Your results seem to indicate that aspm, which is support_aspm internally, is
not being set to zero. The first executable statement in enable_aspm is

if (!ppsc->support_aspm)
return;

That statement should disable the entire routine; however, you still need to
disable the call to this routine. It is possible that the timing is messed up
when built into the kernel. Building as a module will be instructive.

Larry

2017-11-06 04:09:29

by Nikolas Nyby

[permalink] [raw]
Subject: Re: rtl8821ae dbi read question

On 11/05/2017 09:09 PM, Larry Finger wrote:
> Disabling all of _rtl8821ae_enable_aspm_back_door() may not be wise. We
> tried that patch as part of debugging.
>
> That routine consists of two mdio r/w sequences, and 3 dbi r/w
> sequences. The third one of the latter is only used for RTL8812AE, thus
> it can be ignored.
>
> What happens if you try disabling those r/w pairs one at a time? It is
> possible that one, or more of them, should be disabled when aspm is
> zero.

I first tried disabling only the mdio sequences, then the dbi sequences.
I was able to reproduce my problem in both cases. But I have found that
my problem is resolved by only removing the enable_aspm() call, and
leaving the call to _rtl8821ae_enable_aspm_back_door() intact.

If removing rtlpriv->intf_ops->enable_aspm(hw) is the same as setting
aspm=0, then it's possible I'm not setting the option correctly. But as
far as I can see right now, removing enable_aspm() is necessary for my
stable connection.

> It should not matter whether the driver is built in, or loaded as
> a module. Please note that I never build that code in as I always want
> the option of refreshing the driver without rebooting.

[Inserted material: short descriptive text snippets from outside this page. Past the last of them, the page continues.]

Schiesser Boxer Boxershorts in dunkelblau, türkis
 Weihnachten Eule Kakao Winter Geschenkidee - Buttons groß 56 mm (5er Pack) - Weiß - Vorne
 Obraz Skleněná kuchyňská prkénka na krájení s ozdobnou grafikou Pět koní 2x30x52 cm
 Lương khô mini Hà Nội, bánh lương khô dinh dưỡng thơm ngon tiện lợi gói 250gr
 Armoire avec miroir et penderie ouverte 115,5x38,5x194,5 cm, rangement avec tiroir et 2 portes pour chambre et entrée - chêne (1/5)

Thanks for the info - I'll do the same.

2017-11-19 00:39:52

by Nikolas Nyby

[permalink] [raw]
Subject: Re: rtl8821ae dbi read question

On 11/06/2017 08:52 AM, Larry Finger wrote:
>
> Your results seem to indicate that aspm, which is support_aspm
> internally, is not being set to zero. The first executable statement in
> enable_aspm is
>
>         if (!ppsc->support_aspm)
>                 return;
>
> That statement should disable the entire routine; however, you still
> need to disable the call to this routine. It is possible that the timing
> is messed up when built into the kernel. Building as a module will be
> instructive.
>
> Larry
>

FYI, when building this driver as a module, I'm not seeing my unstable
connection problem anymore, with the aspm=0 config set in
/etc/modprobe.d/. Thanks for your help with this.